Noteworthy as well are the positive halo effects which refer to consumers’ tendency to think that when a food possesses one desirable feature, the food is automatically assumed to have more desirable features as well. A specific ingredient claim (‘80% less fat’) or a suggestive menu label (‘Grandmothers apple pie’) can provide strong cues that bias taste evaluation. In his book Mindless Eating, Brian Wansink vividly explains a variety of research findings of such biases. For example, consumers liked ‘Belgian Black Forest Double Chocolate Cake’ better than ‘Chocolate Cake’, even if they are the same, old cake. Another finding was that consumer evaluated brownies on China plates as excellent, while identical brownies presented on paper plates were good and the same ones handed out on napkins are only ok.

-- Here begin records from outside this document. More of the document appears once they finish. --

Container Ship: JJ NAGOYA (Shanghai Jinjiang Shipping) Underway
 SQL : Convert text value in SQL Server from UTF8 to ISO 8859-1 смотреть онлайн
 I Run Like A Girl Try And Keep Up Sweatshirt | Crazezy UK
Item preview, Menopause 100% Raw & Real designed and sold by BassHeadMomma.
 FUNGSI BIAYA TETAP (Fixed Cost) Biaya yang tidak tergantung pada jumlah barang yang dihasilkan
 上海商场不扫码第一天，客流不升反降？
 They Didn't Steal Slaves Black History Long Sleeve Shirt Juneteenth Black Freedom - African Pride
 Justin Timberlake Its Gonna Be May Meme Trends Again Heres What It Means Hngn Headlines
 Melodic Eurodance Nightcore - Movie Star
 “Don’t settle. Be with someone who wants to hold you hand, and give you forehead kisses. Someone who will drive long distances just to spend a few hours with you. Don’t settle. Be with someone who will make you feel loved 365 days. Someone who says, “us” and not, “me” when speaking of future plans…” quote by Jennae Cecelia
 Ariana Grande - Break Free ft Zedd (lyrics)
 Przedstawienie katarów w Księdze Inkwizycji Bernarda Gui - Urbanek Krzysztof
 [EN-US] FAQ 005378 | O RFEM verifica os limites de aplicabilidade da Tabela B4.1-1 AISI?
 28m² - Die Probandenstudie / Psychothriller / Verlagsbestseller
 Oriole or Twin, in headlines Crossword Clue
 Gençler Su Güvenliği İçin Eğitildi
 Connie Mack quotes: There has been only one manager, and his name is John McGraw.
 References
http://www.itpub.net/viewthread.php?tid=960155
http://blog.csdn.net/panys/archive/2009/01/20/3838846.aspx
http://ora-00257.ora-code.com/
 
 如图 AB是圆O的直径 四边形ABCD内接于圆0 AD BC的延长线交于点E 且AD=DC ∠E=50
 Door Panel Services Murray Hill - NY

Do McDonalds fruit wall posters enhance the taste and health experience of a milkshake?
Consumers often think that ‘tasty’ equals ‘unhealthy’. Indicating foods as healthy reduces consumers’ taste expectations and taste experience. In other words, if we are really enjoying it, it must be bad for us. This is the persistent 'unhealthy=untasty' intuition that consumers use. So, promoting the healthiness of a food may ironically decrease its attractiveness in terms of taste. However, it does not mean that consumers will restrain from eating it. In contrast: several studies have shown that putting a healthy label on a food gives a ‘license to sin’. For example, labeling snacks as ‘low fat’ increases food intake during a single consumption occasion by up to 50%. Unluckily, in the study this was particularly the case for overweight people. This is because labeling food as ‘healthy’ or ‘low fat’ makes consumers underestimate the calories and gives them a reason to reward themselves by overeating or indulging in other foods. This effect is called a health halo and consumers are generally unaware that claims such as ‘healthy’, ‘natural’, and even ‘organic’ serve as a green light to go ahead and indulge.   
All things considered, taste expectations are strongly influenced by cues in our purchase and eating environment.